The outcomes of Finland's Housing First strategy are striking in their consistency and scale:

4.4 The Y-Foundation

The Y-Foundation (Y-Saatio) deserves specific attention as the operational backbone of Finland's Housing First implementation. As the country's largest provider of affordable rental housing for people who have experienced homelessness, the Y-Foundation now manages over 18,000 apartments across Finland. Its operational model demonstrates that Housing First can be scaled from a program-level intervention to a system-level infrastructure.

The Foundation's tenancy retention rate of over 80% is particularly significant because it addresses the most common objection to Housing First: that formerly homeless individuals lack the capacity or motivation to maintain housing. The evidence shows that the vast majority of people, when given stable housing, take care of it. When people are given something of their own, they tend to value it.

The Y-Foundation also demonstrates that Housing First does not require extraordinary resources. Its apartments are modest — clean, functional, permanent. Not luxury. Not charity. Just housing. The Foundation operates at a cost per unit that is lower than emergency shelter provision, making the economic case as compelling as the humanitarian one.

4.5 Lessons from Finland

Several features of Finland's approach are worth emphasising for their transferability:

National-level commitment. Finland did not pilot Housing First as a small, marginal program. It adopted it as national strategy, with government backing, dedicated funding, and legislative support.

Infrastructure investment. The government recognised that Housing First requires housing and invested in both conversion of existing stock and new construction.

Culture change, not just program change. Training the entire system — not just frontline workers but bureaucrats, administrators, and policymakers — in Housing First principles was essential to sustained implementation.

Pragmatism over ideology.

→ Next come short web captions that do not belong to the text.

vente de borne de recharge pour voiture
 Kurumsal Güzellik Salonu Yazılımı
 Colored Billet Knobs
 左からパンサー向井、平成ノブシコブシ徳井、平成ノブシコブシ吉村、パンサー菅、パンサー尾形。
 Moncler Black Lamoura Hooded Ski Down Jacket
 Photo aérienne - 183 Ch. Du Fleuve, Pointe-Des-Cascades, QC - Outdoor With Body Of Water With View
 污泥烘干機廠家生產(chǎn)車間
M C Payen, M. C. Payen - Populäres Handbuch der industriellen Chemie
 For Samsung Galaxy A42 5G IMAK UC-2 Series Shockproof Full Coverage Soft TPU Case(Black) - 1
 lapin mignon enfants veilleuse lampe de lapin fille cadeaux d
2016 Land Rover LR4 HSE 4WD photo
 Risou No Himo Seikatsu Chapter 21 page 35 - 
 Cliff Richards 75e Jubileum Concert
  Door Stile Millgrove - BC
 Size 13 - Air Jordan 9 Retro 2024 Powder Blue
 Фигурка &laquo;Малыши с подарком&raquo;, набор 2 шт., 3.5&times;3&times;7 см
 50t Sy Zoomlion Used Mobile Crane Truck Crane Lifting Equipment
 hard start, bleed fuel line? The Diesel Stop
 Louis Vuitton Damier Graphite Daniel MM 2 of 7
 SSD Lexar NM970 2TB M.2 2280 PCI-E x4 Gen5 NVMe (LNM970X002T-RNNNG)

Finland adopted Housing First not because it was ideologically fashionable but because the evidence showed it worked better and cost less. The government's framing was explicitly pragmatic: this is more effective and more efficient.

Integration with housing policy. Finland did not treat homelessness as separate from housing policy. The same government that adopted Housing First also invested in social housing, regulated its rental market, and maintained housing affordability as a policy priority. This integration is crucial and is the point most often missed by countries that attempt to adopt Housing First without addressing the housing market conditions that produce homelessness.


5. Global Evidence: What Happens When You Actually Do It

5.1 United States: Pathways to Housing

The original Housing First program, Pathways to Housing, was established by Dr. Sam Tsemberis in New York City in 1992. Working with chronically homeless individuals diagnosed with severe mental illness, Tsemberis demonstrated that immediate placement in independent, scattered-site apartments with voluntary Assertive Community Treatment (ACT) team support produced dramatically better outcomes than treatment-first alternatives.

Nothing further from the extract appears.